Blind spots (3): Anchoring effect, the pernicious one

Rama Nimmagadda
4 min readJan 29, 2022


photo by Prateek Kumar Rohatgi

“More money has probably been lost by investors holding a stock they really did not want until they could ‘at least come out even’ than from any other single reason.” — Phil Fisher

Two weeks ago, I wrote on a psychological blind spot called Confirmation Bias. This week’s blog is on a rather pernicious bias called Anchoring.

A few years back, I snap-ran a mini-experiment with a few colleagues of mine. Its results were instructive particularly given that the experiment was done on the fly with no prior preparation. Before getting into its details, let me run the same with you.

Without looking up the actual answers please answer the following questions:

· Do you think Mahatma Gandhi was older than 60 or younger than 60 when he died? Make a note of your answer on a paper

· Now, how old do you think Mahatma Gandhi was when he died? Make a note of this too.


· Do you think Martin Luther King Junior was older than 60 or younger than 60 when he died? Make a note of your answer on a paper

· Now, how old do you think Martin Luther King Junior was when he died? Make a note of this too.

Here are the answers:

Mahatma Gandhi was 78 years old and Martin Luther King Jr was 39 the time of their death.

Assuming that you are aware of these personalities but did not know specific details such as their birthdays and death days — in other words, you were guessing based on very little information — it is quite likely you fell for anchoring bias. The number 60 would have anchored your guesses. Try this experiment among your friends and you will witness anchoring bias in action. Answers would have been closer to 60 than otherwise. You can check this by using a control group in your experiment by not anchoring some of your friend’s guesses (ask for their life-span without asking the first question). I tried this and there was no evidence of any explicit anchoring effect for this control group.

This is a result of ad-hoc experiment designed in an office lift going up just six floors. Now imagine the impact this effect could have in carefully designed experiments. Think advertisements and politicians. Your decisions are way more influenced by anchoring effect than you imagine.

At work, how are your expectations managed with regards to, let’s say, year-end compensation hike and possibly promotions?

How does management of a publicly listed company manage equity analysts’ expectations of company performance?
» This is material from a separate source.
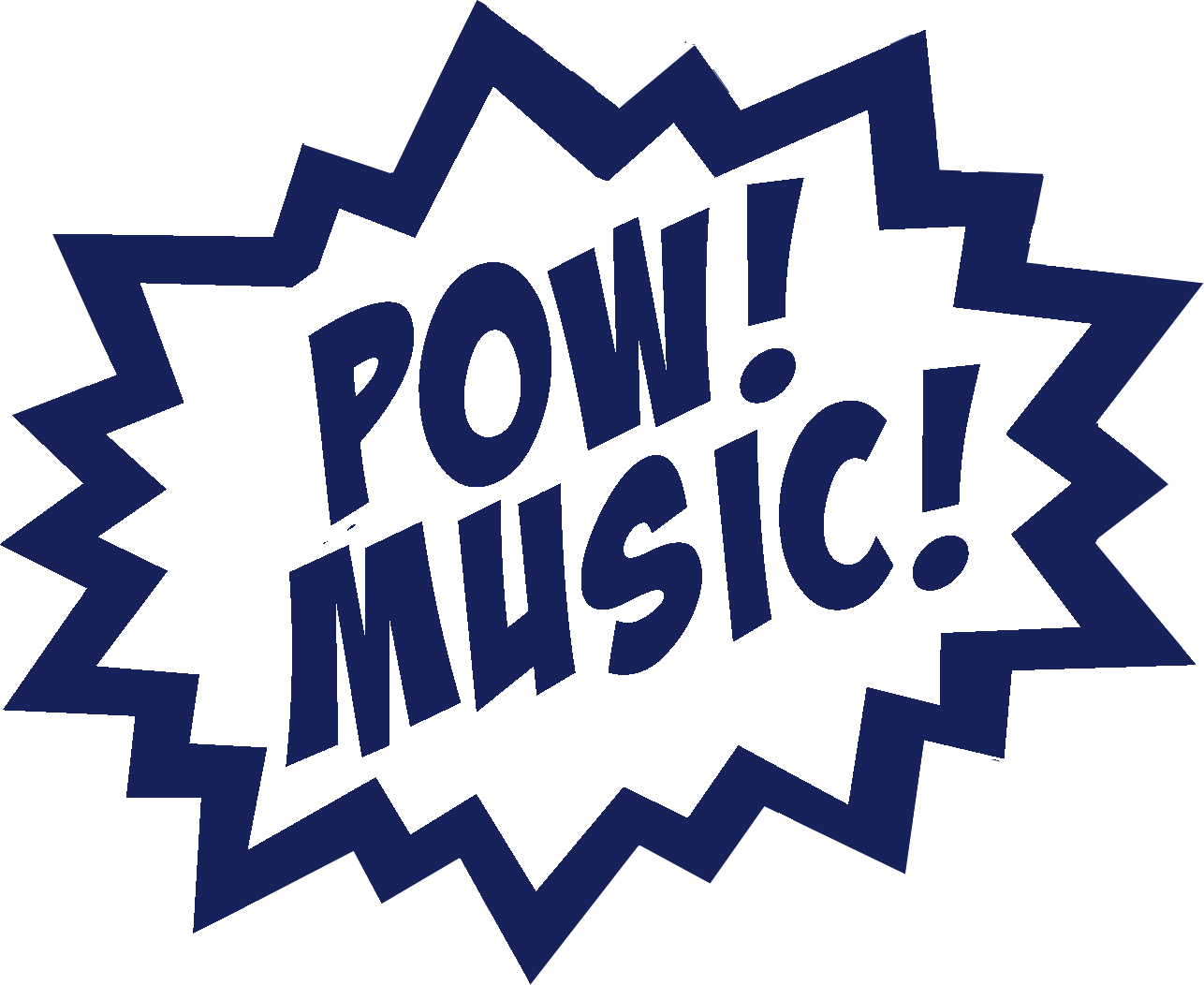 Pow Music Clipart (1286x1052), Png Download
When you buy stuff, anchoring effect plays a role in terms of you being drawn towards discounts. Discounts, many times, anchor you to the original high price and hence you find the discounted price attractive.

Anchoring effect is particularly strong in anything that involves negotiation like house purchases.

Supermarkets, liquor shops etc display high priced alternative options right next to the goods that they would really like you to buy. In contrast to this, where pricing is arrived on the basis of cost + margin, there is relatively lesser anchoring impact than when it is based on subjective perception of value. For example, value of wine is deeply rooted in how the wine industry anchored our value perception — older wines are considered significantly more expensive — try running a test among your social circle by offering wines across a price range (preferably of similar vintage) and ask them how would they rank them in taste. I’m sure you will not find a clear relationship with price but if you try doing this with the bottles in open display — you most likely will get a ranking in line with the pricing.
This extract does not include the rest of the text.